Saving data to ES 5.4 blocked when ES is creating mapping and updating mapping

My workflow is:

  1. Reading data from kafka
  2. Saving data into Elastic Search 5.4

I checked the time spent at every method in my application, the following picture shows normal workflow: most time is spent at reading data from kafka


The following picture shows abnormal workflow: all the time is spent at saving data into ES 5.4, apparently it means ES failed to response.
image
and I checked the ES log, I found ES was creating mapping and updating mapping when application failed to save data to ES.
image

Updating a mapping will require the cluster state to be updated and then propagated, which will affect throughput. While this goes on you can not index into that index. As the cluster state grows this may get slower and slower. You seem to have a very large number of dynamically mapped fields, which could become problematic over time.

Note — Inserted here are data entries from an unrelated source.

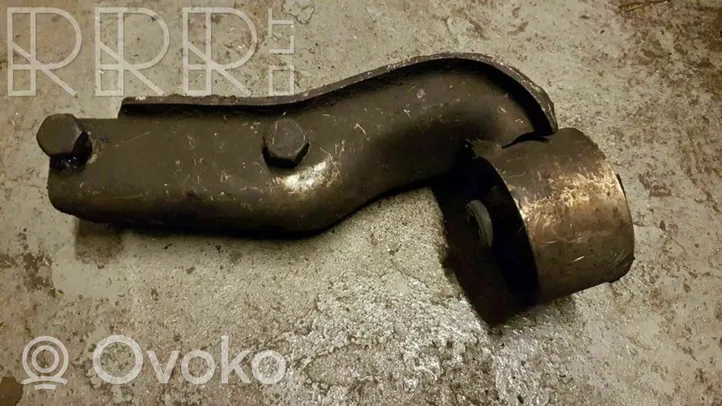 Volkswagen Jetta I Pārnesumkārbas spilvens 171399113H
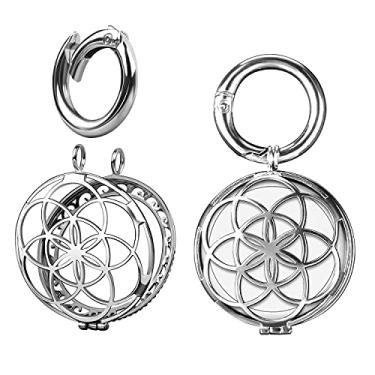 Imagem de VIIVY VIYIV Capa protetora para AirTag Key Wallet Finder for Women Girls, Hollow Out Metal Jewelry Keychain Cover Compatível com Air Tag Tracker Holder - Prata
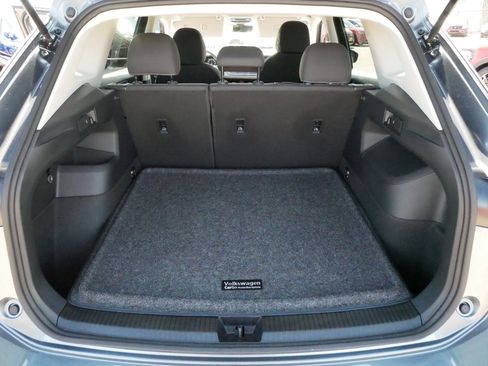Certified 2025 Volkswagen Tiguan S w/ 18" Wheel Package AWD/4WD image 18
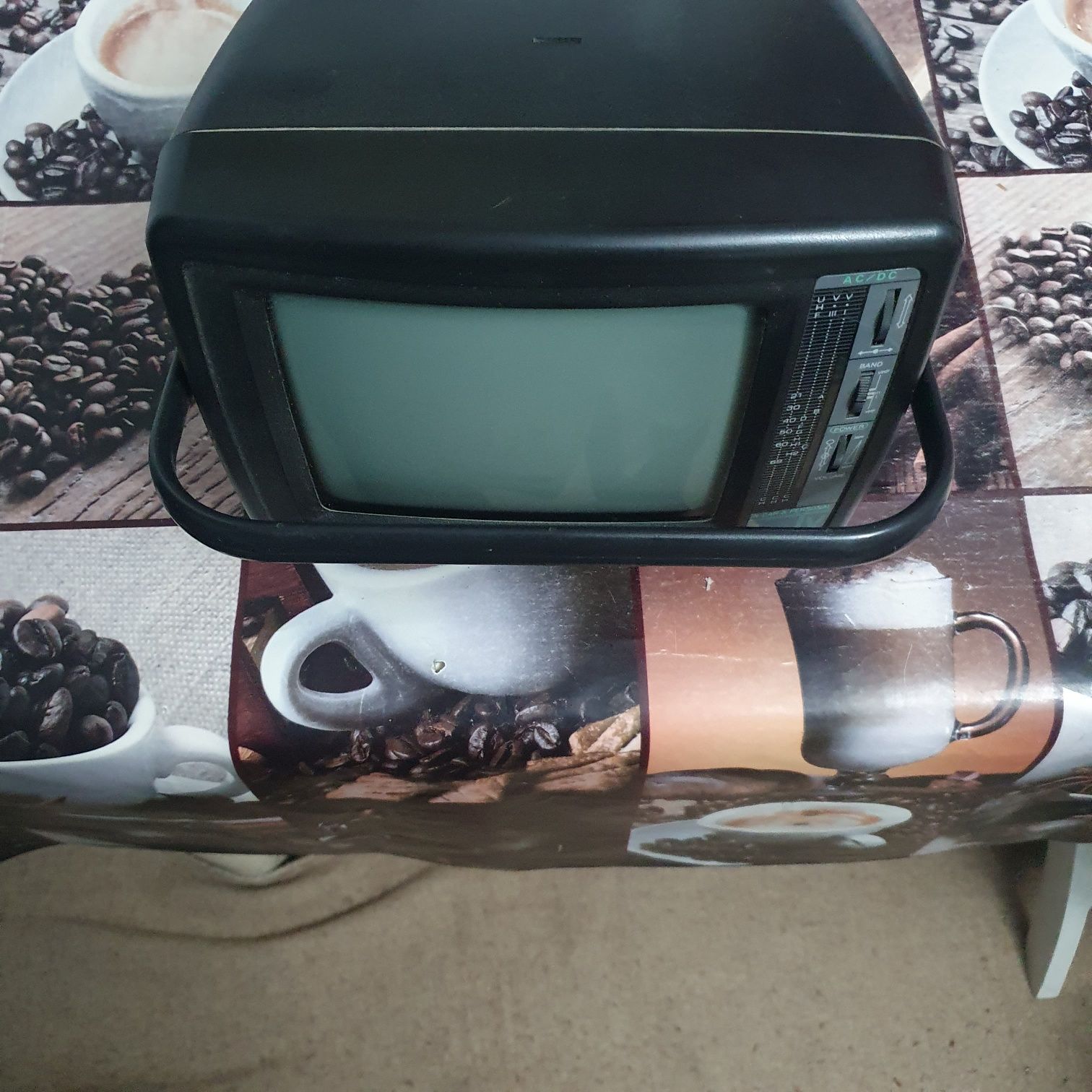 Televizor auto marca Amstrad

Thank you for answering my question. So how could I fix this promblem? Now my default template is as following:
{
"defaulttemplate" : {
"order" : 0,
"template" : "*",
"settings" : {
"index" : {
"translog" : {
"flush_threshold_size" : "1024mb",
"sync_interval" : "10s",
"durability" : "async"
},
"number_of_replicas" : "0",
"refresh_interval" : "10s"
}
},
"mappings" : {
"default" : {
"_source" : {
"enabled" : "false"
},
"_all" : {
"enabled" : "false"
}
}
},
"aliases" : { }
}
}

One option would be to provide the mappings you expect through an index template ahead of time. Updating mappings one-by-one as they come along is inefficient.

How many fields do you have in your mappings?

Hi Christian,

Let me breifly talk about our problem.

We are upgrading from ES 1.X to ES 5.4 cluster. It is true that we got a lot of dynamic mappings, and we didn't run into this problem when we were using ES 1.X which is a single node but not a cluster. However, as far as I know, the speed of creating and updating mappings is mostly affected by the number of shards. We set the number of shards as 5 in the two circumstances. Will the number of nodes slow down the speed significantly?

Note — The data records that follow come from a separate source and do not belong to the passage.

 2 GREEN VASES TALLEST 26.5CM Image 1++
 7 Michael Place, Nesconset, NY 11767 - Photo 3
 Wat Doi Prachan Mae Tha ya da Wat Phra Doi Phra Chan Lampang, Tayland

By the way, we got about 20 fields.

The mappings are kept in the cluster state, so I don't think the number of shards has an impact. The updated mappings do however need to be spread across the nodes in the cluster, so increased number of nodes will take longer. From Elasticsearch 2.x, deltas are sent, which is more efficient that the method used in 1.x.

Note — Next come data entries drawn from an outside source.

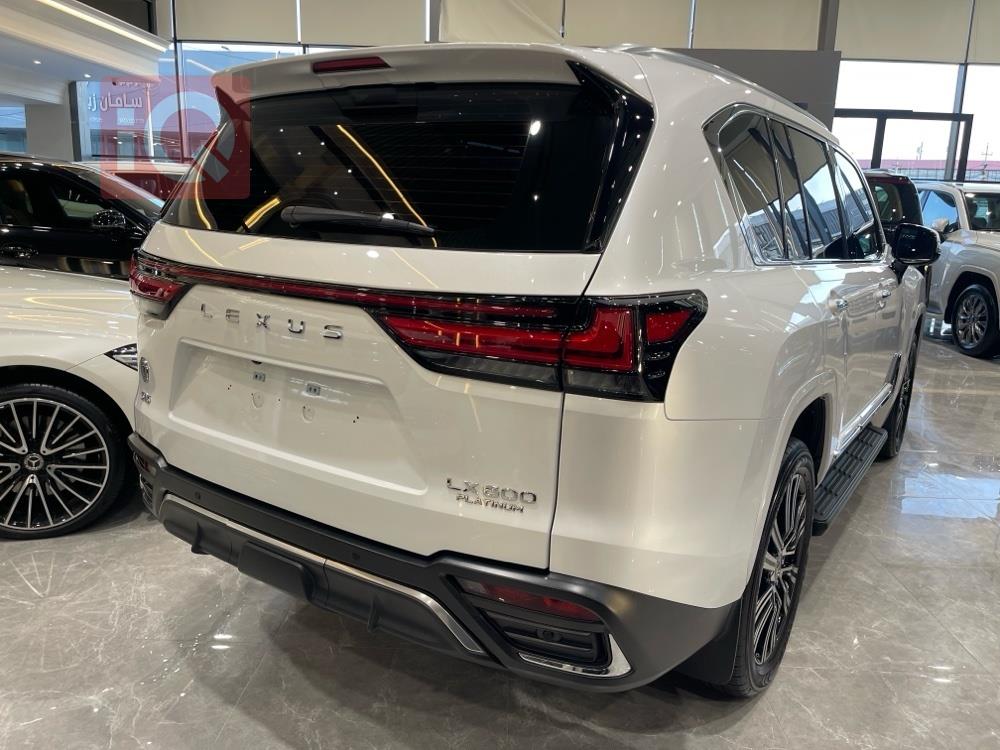 Lexus LX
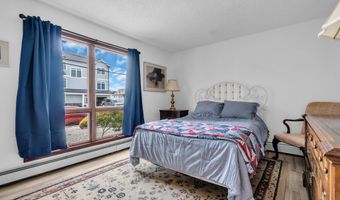259 Cypress Dr, Bayville, NJ 08721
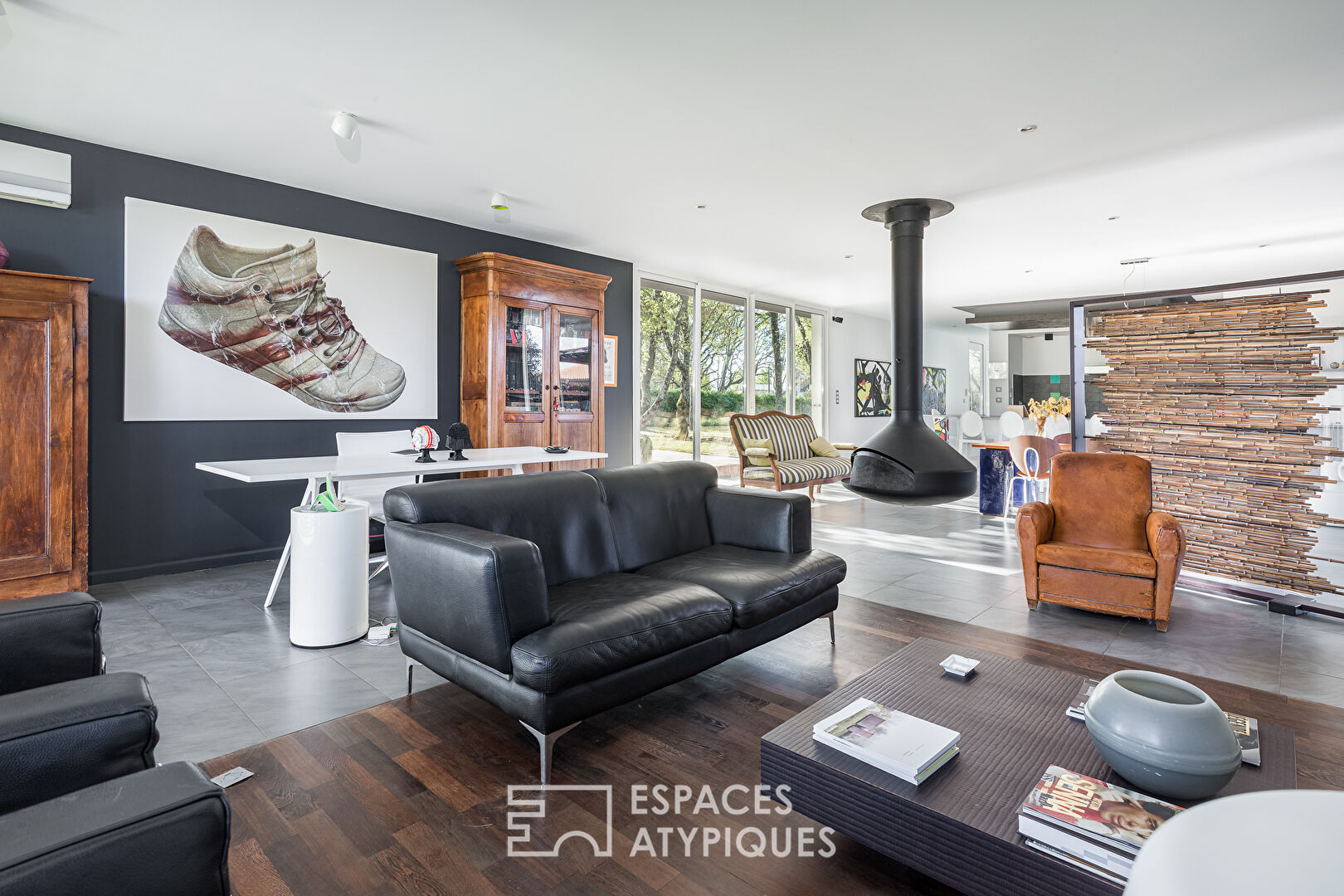 Maison d’architecte au sein de sa chênaie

Based on the screenshot it looks like you have more than 20 fields. Can you retrieve the mapping for that index and check?

{
"2018_04_21" : {
"mappings" : {
"1_40179" : {
"_all" : {
"enabled" : false
},
"_source" : {
"enabled" : false
},
"properties" : {
"channel" : {
"type" : "text",
"fields" : {
"keyword" : {
"type" : "keyword",
"ignore_above" : 256
}
}
},
"event_id" : {
"type" : "text",
"fields" : {
"keyword" : {
"type" : "keyword",
"ignore_above" : 256
}
}
},
"is_new" : {
"type" : "long"
},
"is_new_player" : {
"type" : "long"
},
"os_type" : {
"type" : "text",
"fields" : {
"keyword" : {
"type" : "keyword",
"ignore_above" : 256
}
}
},
"param_type" : {
"type" : "long"
},
"room_name" : {
"type" : "text",
"fields" : {
"keyword" : {
"type" : "keyword",
"ignore_above" : 256
}
}
},
"server" : {
"type" : "text",
"fields" : {
"keyword" : {
"type" : "keyword",
"ignore_above" : 256
}
}
},
"timestamp" : {
"type" : "long"
},
"user_id" : {
"type" : "text",
"fields" : {
"keyword" : {
"type" : "keyword",
"ignore_above" : 256
}
}
},
"value" : {
"type" : "float"
}
}
}
}
}
}

Above is one of our mappings, I know the text type would slow down the speed, so I am considering use the below template to make some improvement.

"dynamic_templates": [
{
"string_to_keyword": {
"match_mapping_type": "string",
"mapping": {
"type": "keyword"
}
}
}
]
}

Can you give us any suggestions about the new template?
Thanks in advance!

What does the mappings for the 2018_04_26 index (seen in screenshot) look like? Do you by any chance have a lot of types in your indices?

Yep, we do have a lot of types in one index and all of them share the same mapping structure.

Then I guess that is the problem as each new type also requires the mappings to be updated. You should move away from using multiple types as types are being removed. In version 6.x it is already not possible to create new indices with more than one type, and the goal is to over time remove the concept of type completely. You can instead create a new field called type and store the type there, which will allow you to filter on it.

Once you have done this, you can add your fields with the correct mapping to an index template, and that should remove the issues you have been seeing.

Thanks for your patience! We will try it later.

This topic was automatically closed 28 days after the last reply. New replies are no longer allowed.